Portfolio/Learn/Heaps & Priority Queues: Top-K, Median, and Scheduling
Algorithms & DSIntermediate

Heaps & Priority Queues: Top-K, Median, and Scheduling

Learn how heaps maintain partial order for efficient min/max operations. Master the patterns: top-k elements, running median, merge k sorted lists, and task scheduling.

15 min read
March 13, 2026
HeapsPriority QueueTop-KMerge KPython

How Heaps Work

A binary heap is a complete binary tree where every parent is smaller (min-heap) or larger (max-heap) than its children. It's stored as an array where parent of index i is at (i-1)//2, and children are at 2i+1 and 2i+2. This gives O(log n) push/pop and O(1) peek at the min/max.
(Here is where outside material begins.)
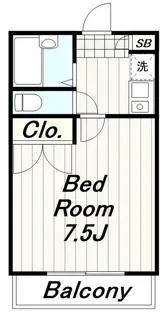 レジデンスジュネス【1階】の間取り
Python's heapq module implements a min-heap. For a max-heap, negate values: push -val and negate when popping. heapq.heappush() and heapq.heappop() are O(log n). heapq.heapify() is O(n).

Pattern: Top-K Elements

To find the k largest elements, maintain a min-heap of size k. For each new element, if it's larger than the heap's minimum, replace it. At the end, the heap contains the k largest. This runs in O(n log k) — better than O(n log n) sorting when k << n.

python
import heapq

def find_k_largest(nums: list[int], k: int) -> list[int]:
    """Find k largest elements using a min-heap of size k."""
    heap = nums[:k]
    heapq.heapify(heap)

    for num in nums[k:]:
        if num > heap[0]:
            heapq.heapreplace(heap, num)  # Pop min, push new

    return sorted(heap, reverse=True)


def kth_largest_element(nums: list[int], k: int) -> int:
    """Find the kth largest element."""
    # Min-heap of size k — root is the kth largest
    heap = []
    for num in nums:
        heapq.heappush(heap, num)
        if len(heap) > k:
            heapq.heappop(heap)
    return heap[0]

Pattern: Merge K Sorted Lists

When merging k sorted sequences, a heap of size k tracks the smallest available element from each list. Pop the smallest, advance that list's pointer, and push the next element. This runs in O(n log k) where n is the total number of elements.

python
def merge_k_sorted(lists: list[list[int]]) -> list[int]:
    """Merge k sorted lists into one sorted list."""
    heap = []
    for i, lst in enumerate(lists):
        if lst:
            heapq.heappush(heap, (lst[0], i, 0))

    result = []
    while heap:
        val, list_idx, elem_idx = heapq.heappop(heap)
        result.append(val)
        if elem_idx + 1 < len(lists[list_idx]):
            next_val = lists[list_idx][elem_idx + 1]
            heapq.heappush(heap, (next_val, list_idx, elem_idx + 1))

    return result

Pattern: Running Median (Two Heaps)

Maintain a max-heap for the lower half and a min-heap for the upper half. The median is always at the top of one or both heaps. Balance the heaps so their sizes differ by at most 1. Each insertion is O(log n).

python
class MedianFinder:
    def __init__(self):
        self.lo = []  # Max-heap (negate values) — lower half
        self.hi = []  # Min-heap — upper half

    def add_num(self, num: int):
        heapq.heappush(self.lo, -num)
        # Ensure max of lower <= min of upper
        heapq.heappush(self.hi, -heapq.heappop(self.lo))
        # Balance sizes: lo can have at most 1 more than hi
        if len(self.hi) > len(self.lo):
            heapq.heappush(self.lo, -heapq.heappop(self.hi))

    def find_median(self) -> float:
        if len(self.lo) > len(self.hi):
            return -self.lo[0]
        return (-self.lo[0] + self.hi[0]) / 2

The two-heap pattern also applies to scheduling problems and any scenario where you need to track a partition point in a stream of data.